主力サービスのLINEは11年6月にスタートし、13年7月にユーザー数が1億人を突破。16年3月末の月間アクティブユーザー数(MAU)は約2億1840万人に達しているという。「東日本大震災をきっかけに、家族や友人と連絡が取れるように生まれたサービスが、いまやたくさんのユーザーが使うインフラに成長した」(出澤社長)。
「スマートフォンメッセンジャーの陣取り合戦はほぼ終わった」
日米同時上場の意義について出澤社長は「日本生まれのサービスを、世界中のユーザーに使ってもらいたいという決意の表れ」と話す。だが、単なるメッセンジャー機能だけに特化したサービスでは、他SNSとの競争を生き抜くのは難しいと考えているという。
「スマートフォンメッセンジャーの陣取り合戦はほぼ終わった」(出澤社長)。LINEのようなメッセンジャーアプリは、ユーザーが増えれば増えるほど、友人を見つけたり、コミュニケーションの密度が高まり、利用価値が上がる――という「ネットワーク効果」が強い。そのため、あるサービスが先に高いシェアを得てしまえば、後発のサービスが登場しても、ユーザーが乗り換えにくい特徴がある。
ある国や地域で、すでに圧倒的な数のユーザーを集めたサービスがあると、LINEが新規参入するのは困難だ。こうした現状を踏まえ、出澤社長は「スマートポータル」という構想を打ち出す。

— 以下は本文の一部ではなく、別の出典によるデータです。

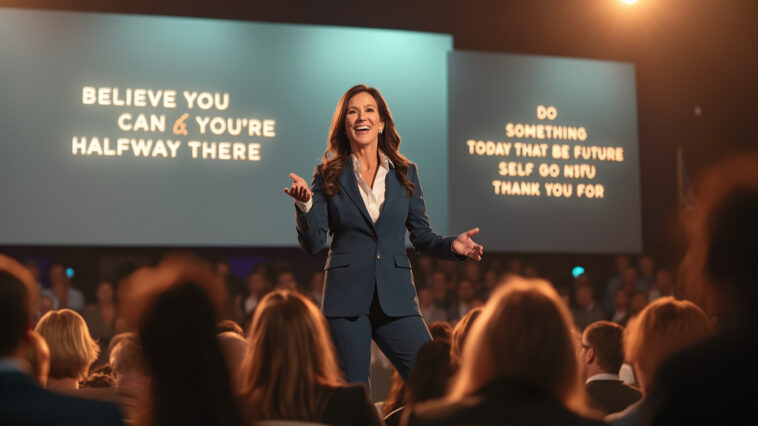 découvrez l'attrait charismatique de mel robbins, une conférencière inspirante et auteure à succès. plongez dans ses idées puissantes sur la motivation, le leadership et le développement personnel qui captivent des millions de personnes à travers le monde.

メッセンジャー機能を入り口に「LINE MUSIC」「LINE GAME」「LINE PAY」などさまざまな連携サービスへとユーザーを誘導する狙いだ。
「PC時代のポータルサービスのように、検索エンジンだけでなくさまざまなサービスに事業拡大していくイメージに近い」(出澤社長)
当面は、既存ユーザーが多い日本、台湾、タイ、インドネシアにフォーカスしてサービスを展開し、スマートポータルのノウハウを蓄積していく。日本のサービスをそのまま海外に展開するのではなく、現地の文化や慣習に合わせてカスタマイズして提供する。例えば、学校との結び付きが強いインドネシアでは、同級生のアカウントを検索する独自機能を実装。交通渋滞がひどくバイク便が普及しているタイでは、ランチのデリバリーを頼めるサービスを提供する――といった具合だ。「ローカライズを徹底した“カルチャライズ”によって、アジアではやや後発でもシェアの巻き返しに成功した」(出澤社長)。
「メッセンジャーの次は、こうした“スマートポータルの波”が来るはず。世界を見据え、サービスの向上に尽力したい」と出澤社長は話している。